WHAT YOU WILL DO: Restate word for word the entries below, starting at the line with "Cobra Air-X Driver" and ending at the line with "Apartment for sale". Keep both end lines and omit the pictures.

RECORD EXTRACTS:
━━━━━━━━━━━━━━━━
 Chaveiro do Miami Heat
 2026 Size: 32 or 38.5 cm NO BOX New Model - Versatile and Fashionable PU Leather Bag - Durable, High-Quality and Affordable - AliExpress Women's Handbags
━━━━━━━━━━━━━━━━
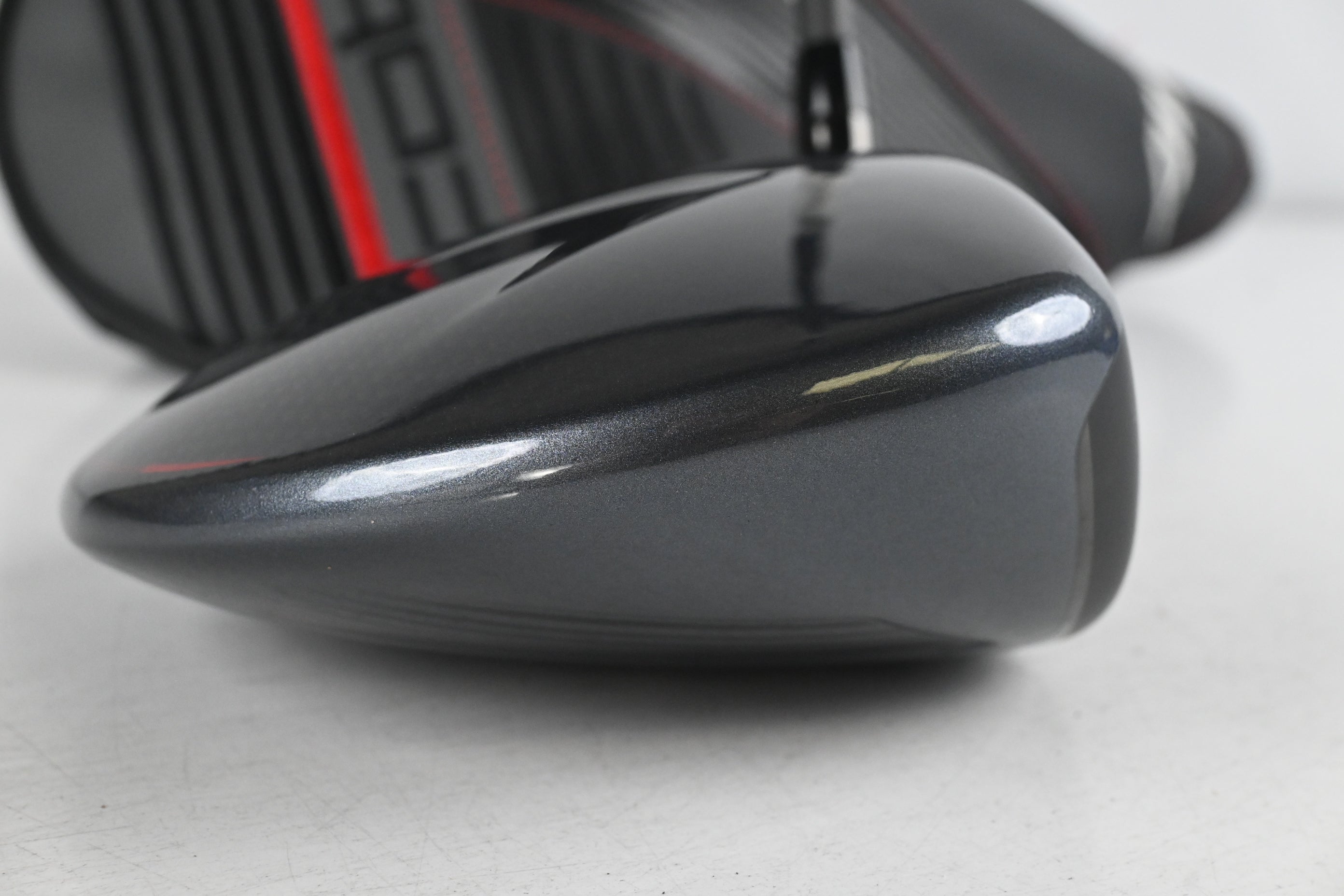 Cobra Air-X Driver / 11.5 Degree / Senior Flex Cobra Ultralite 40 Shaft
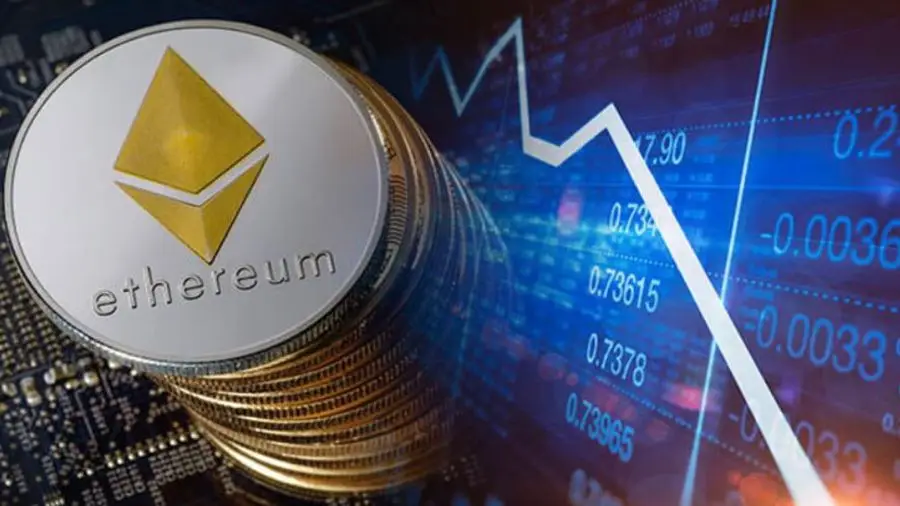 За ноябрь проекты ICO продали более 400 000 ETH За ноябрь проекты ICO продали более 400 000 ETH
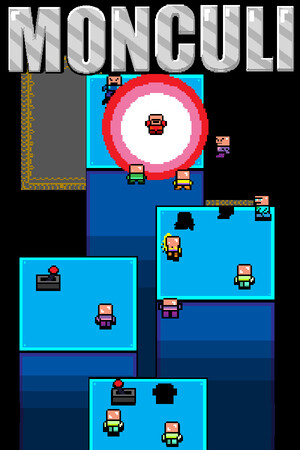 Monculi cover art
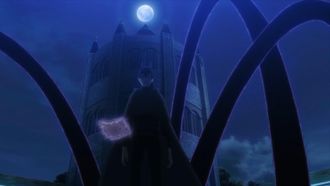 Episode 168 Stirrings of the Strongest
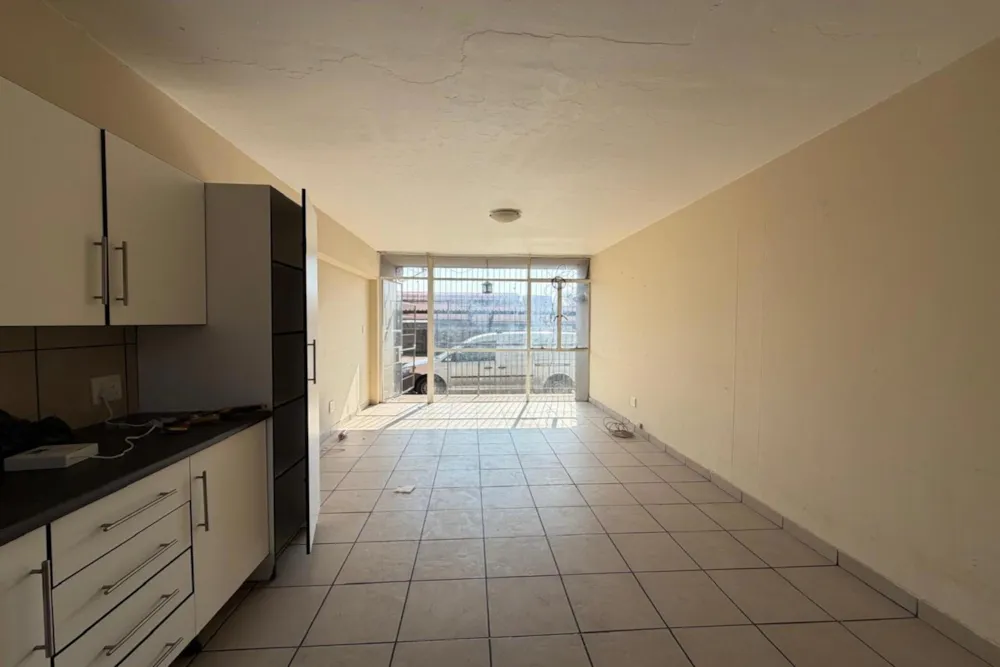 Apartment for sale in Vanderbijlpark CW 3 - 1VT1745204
━━━━━━━━━━━━━━━━
TASK RESULT:
 Cobra Air-X Driver / 11.5 Degree / Senior Flex Cobra Ultralite 40 Shaft
 За ноябрь проекты ICO продали более 400 000 ETH За ноябрь проекты ICO продали более 400 000 ETH
 Monculi cover art
 Episode 168 Stirrings of the Strongest
 Apartment for sale in Vanderbijlpark CW 3 - 1VT1745204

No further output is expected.